性能を追求するなら“空力に精通している”メーカーの製品をチョイス
「エアロパーツって、ドレスアップがメインで、市販車に付けても意味があるのだろうか?」と思うかもしれない。レーシングカーではエンジンとタイヤと並ぶ、エアロこそが勝敗を左右する最重要エレメントで、F1では各チームに専属のエアロダイナミストが複数所属し、日夜研究開発を続けている。なぜ空力パーツがここまで重視されるか。
空気抵抗は速度の二乗に比例する
まず空気抵抗の問題だ。空気抵抗は速度の二乗に比例するので、高速で走れば走るほどその抵抗が大きくなる。クルマの場合、160km/hを超えると、走行を邪魔する抗力の約90%は空気抵抗といわれている。
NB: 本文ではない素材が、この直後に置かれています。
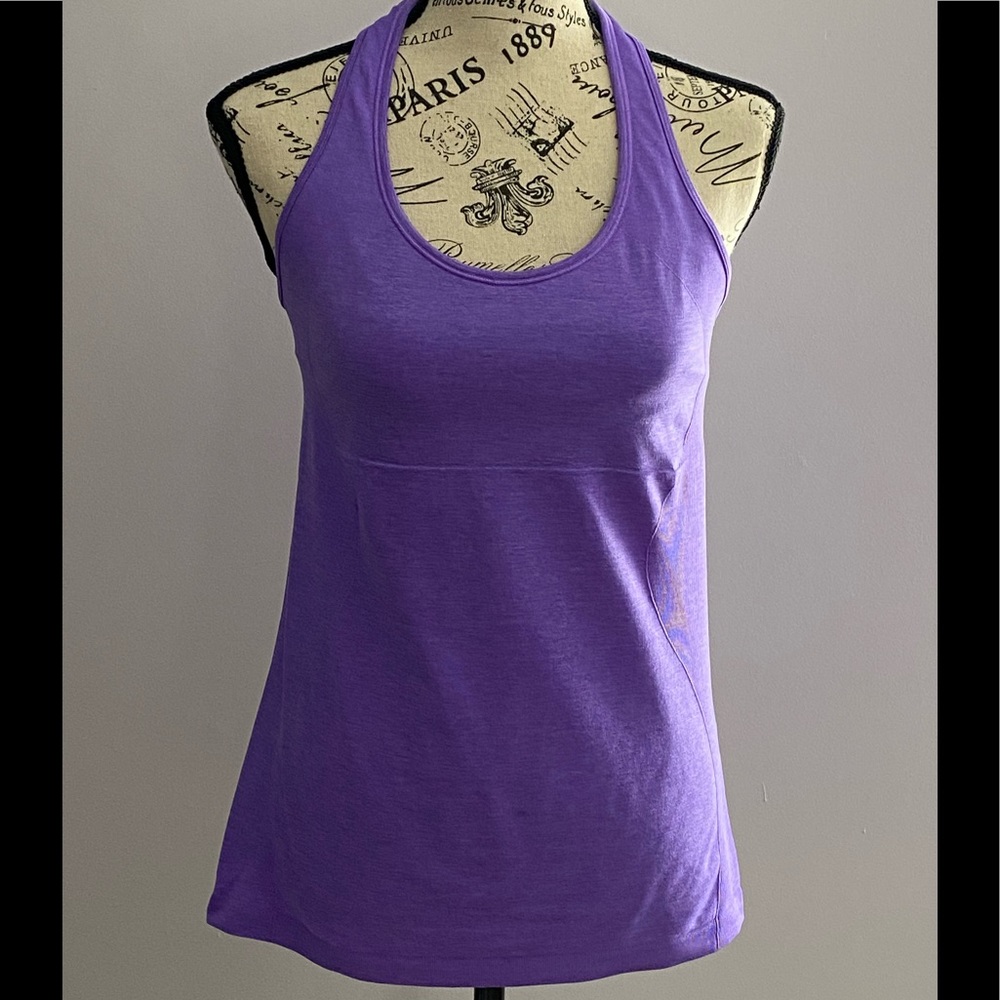 Purple Lululemon tank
「1周2kmの筑波サーキットを1分フラットで走ったら、平均速度は120km/h。ヘアピンのボトム速度はその半分となるので、サーキットといってもストレートの長いFSWや鈴鹿ほどは空力パーツの効果はないのでは?」と思うのは早計だ。
自転車=ロードバイクでも40km/hで走ると1秒間に3kgの抵抗を受けているといわれている。北京オリンピックで女子が銀メダルになったスピードスケートのチームパシュートでは、先頭に働く空気抵抗力は 1.4kg、2番手は 1.1kg、3番手は 0.89kg と、先頭車の負担が大きいので、疲れを蓄積しないために先頭が入れ代わることで知られている。
マラソンでも空気抵抗の影響は大きく、単独で走っているときの空気抵抗係数が0.97だとすると、ふたりのペースメーカーに前後に挟まれて走ったときは0.11。ふたりのペースメーカーと3人で縦に並んだときは、もっとも後方で走ったときに0.30。3人のペースメーカーを横に並べてその後方を走ったときは、0.07にまで低減することがわかっている。
このマラソンのように、20km/h弱でも空気抵抗の影響が大きいことを考えると、大きなサーキットだけではなく、ミニサーキット、そして一般公道ですらエアロパーツは意外に大きな仕事をしていて侮れない。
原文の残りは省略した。